Les bras ca se voit, c’est difficile, traumatise tes amis avec ton histoire psychiatrique, non j’ai pas eu d’accident, je me suis pas pris de vitres, c’est la vie et puis mes mains qui ont creusé les sillons, reptiliens sur mes mains, concaves dans mes cuisses, cicatrices indélébiles des nuits noires où j’aurai voulu partir, chaque morsure du compas enfoncé jusqu’au sang, autant de rage qui sort de moi, goutte à goutte, jusqu’à l’épuisement, l’assèchement. Le ventre ton psy dit que c’est sexuel, il paraît que tu as été touchée, par un oncle ou par ton père, il sait pas bien, mais c’est obligé, pas convaincue tu continues, c’est pratique, c’est discret, ca fait plus mal aussi mais c’est meilleur quand c’est fini, ca nique dans la vraie vie, quand tu sors de l’état second de la nuit, marche en pleine lumière comme un crabe pour cause de plaie et de douleur ingérable. Les cuisses c’est la culpabilité, la haine de soi et puis l’ennui, les dessins que tu fais peu à peu, l’étoile et puis le carré, t’as même plus mal c’est juste pour décorer, toucher ton corps comme tu peux, te le rapproprier, ces cuisses m’appartiennent, à moi seule, et j’en ferai ce que je voudrais.

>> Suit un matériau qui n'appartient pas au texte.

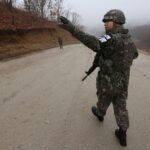 Corea del Sur detiene soldado norcoreano que cruzó frontera
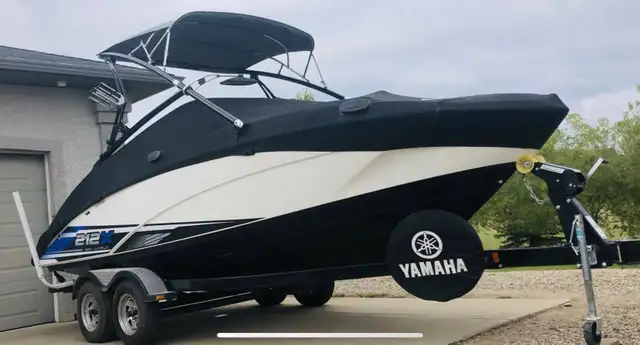 2015 Yamaha 212X Jet Surf Wake Boat in Powerboats & Motorboats in Saskatoon - Image 6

Ca passe quand tu grandis, ca aussi, c’est écrit, un après-midi en manches longues à la plage tu réalises ta connerie, tu caches tes cicatrices, ta honte et l’ado fuckée que tu as été, t’assume pas les traces qui refusent de blanchir, vergeture de croissance, lignes floues, points sanglants et traces brunatres, tu te demandes comment t’as fait pour vivre avec tout ça, ca te saute à la gueule, tu vois plus qu’elles, chaque boursouflure de ta peau qui te rappelle, le soir où t’es parti, la dernière fois, la première fois, et puis les autres fois, tu te remercies d’avoir gardé tes mains intactes, présentables, sociales, aimables, tu te mets à craindre le regard de l’autre, qu’il devine et qu’il te pose des questions, c’est fini tout ça, on en parle plus, fous la paix à mes démons. Ils se réveillent parfois les matins d’angoisse, quand tu te lèves dans le coma et que ta poitrine ne se soulève pas, la douleur entre les côtes, la respiration qui siffle, bloquée, crucifiée, punaisée, impossible d’avancer, alors tu cherches une manière de te soulager, rapide, facile, immédiate, la lame du rasoir cachée, tu t’en souviens bien, tu la veux mais tu résistes, t’es grande maintenant, les adultes ne se charcutent pas les bras.